[[ Input for this task, beginning ]]

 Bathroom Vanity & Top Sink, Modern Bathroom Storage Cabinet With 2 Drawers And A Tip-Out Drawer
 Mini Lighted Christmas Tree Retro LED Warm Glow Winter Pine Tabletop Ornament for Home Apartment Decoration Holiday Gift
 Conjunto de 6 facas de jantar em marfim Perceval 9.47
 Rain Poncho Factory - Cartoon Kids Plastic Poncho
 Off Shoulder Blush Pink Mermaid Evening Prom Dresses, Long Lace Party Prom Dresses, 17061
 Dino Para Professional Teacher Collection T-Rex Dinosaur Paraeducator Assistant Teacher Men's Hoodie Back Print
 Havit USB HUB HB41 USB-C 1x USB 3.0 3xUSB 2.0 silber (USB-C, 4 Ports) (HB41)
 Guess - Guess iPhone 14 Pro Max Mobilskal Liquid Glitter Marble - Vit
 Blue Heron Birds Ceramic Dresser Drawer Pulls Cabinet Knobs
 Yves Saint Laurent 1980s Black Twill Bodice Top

[[ Input for this task, end ]]

▸ **Exercise aim**:
Please copy nothing but the lines from the one that holds "Havit USB HUB" through the last line of the material above, exactly as written.

▸ **Solved problem**:
 Havit USB HUB HB41 USB-C 1x USB 3.0 3xUSB 2.0 silber (USB-C, 4 Ports) (HB41)
 Guess - Guess iPhone 14 Pro Max Mobilskal Liquid Glitter Marble - Vit
 Blue Heron Birds Ceramic Dresser Drawer Pulls Cabinet Knobs
 Yves Saint Laurent 1980s Black Twill Bodice Top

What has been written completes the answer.